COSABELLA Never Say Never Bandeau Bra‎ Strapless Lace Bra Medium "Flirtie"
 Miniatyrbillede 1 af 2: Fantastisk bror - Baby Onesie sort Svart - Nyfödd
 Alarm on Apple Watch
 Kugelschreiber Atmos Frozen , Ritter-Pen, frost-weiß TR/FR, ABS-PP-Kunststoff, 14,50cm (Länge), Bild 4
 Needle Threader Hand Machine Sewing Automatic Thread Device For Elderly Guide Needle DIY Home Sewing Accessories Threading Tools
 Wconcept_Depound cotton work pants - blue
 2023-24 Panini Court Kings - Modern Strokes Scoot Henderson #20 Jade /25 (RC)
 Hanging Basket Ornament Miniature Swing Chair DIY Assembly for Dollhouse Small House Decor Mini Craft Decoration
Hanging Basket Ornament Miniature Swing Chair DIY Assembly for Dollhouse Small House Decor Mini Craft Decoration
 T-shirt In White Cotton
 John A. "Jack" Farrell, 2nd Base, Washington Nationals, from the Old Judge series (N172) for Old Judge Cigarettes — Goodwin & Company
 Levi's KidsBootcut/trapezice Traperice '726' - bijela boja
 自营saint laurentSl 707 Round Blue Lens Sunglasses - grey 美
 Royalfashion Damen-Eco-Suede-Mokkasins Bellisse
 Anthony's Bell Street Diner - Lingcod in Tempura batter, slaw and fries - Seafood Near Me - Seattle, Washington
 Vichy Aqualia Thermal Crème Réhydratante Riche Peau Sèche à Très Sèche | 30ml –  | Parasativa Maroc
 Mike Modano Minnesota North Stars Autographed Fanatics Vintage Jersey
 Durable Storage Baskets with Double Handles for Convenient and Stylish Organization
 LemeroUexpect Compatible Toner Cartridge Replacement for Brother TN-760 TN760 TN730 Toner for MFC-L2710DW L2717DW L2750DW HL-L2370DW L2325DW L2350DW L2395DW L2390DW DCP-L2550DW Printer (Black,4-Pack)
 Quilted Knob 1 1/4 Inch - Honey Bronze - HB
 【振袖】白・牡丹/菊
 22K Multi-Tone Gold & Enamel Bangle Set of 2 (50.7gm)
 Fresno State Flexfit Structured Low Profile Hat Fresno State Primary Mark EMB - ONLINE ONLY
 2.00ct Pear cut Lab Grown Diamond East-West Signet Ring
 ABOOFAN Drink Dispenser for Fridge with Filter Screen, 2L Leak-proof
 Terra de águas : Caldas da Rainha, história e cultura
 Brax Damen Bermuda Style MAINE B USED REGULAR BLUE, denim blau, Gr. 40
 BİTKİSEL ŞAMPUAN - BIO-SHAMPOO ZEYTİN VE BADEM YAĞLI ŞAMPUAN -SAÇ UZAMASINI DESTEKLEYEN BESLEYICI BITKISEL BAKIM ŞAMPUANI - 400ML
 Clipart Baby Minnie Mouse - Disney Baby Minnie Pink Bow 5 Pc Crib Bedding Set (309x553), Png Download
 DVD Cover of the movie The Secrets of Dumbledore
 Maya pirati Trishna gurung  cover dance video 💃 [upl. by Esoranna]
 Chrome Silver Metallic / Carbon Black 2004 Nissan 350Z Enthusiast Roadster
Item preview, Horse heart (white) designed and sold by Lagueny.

TASK REQUIREMENTS - Note how many lines of the entries contain the string "Craft", then give that number by itself.

ANSWER TO THIS TASK - 2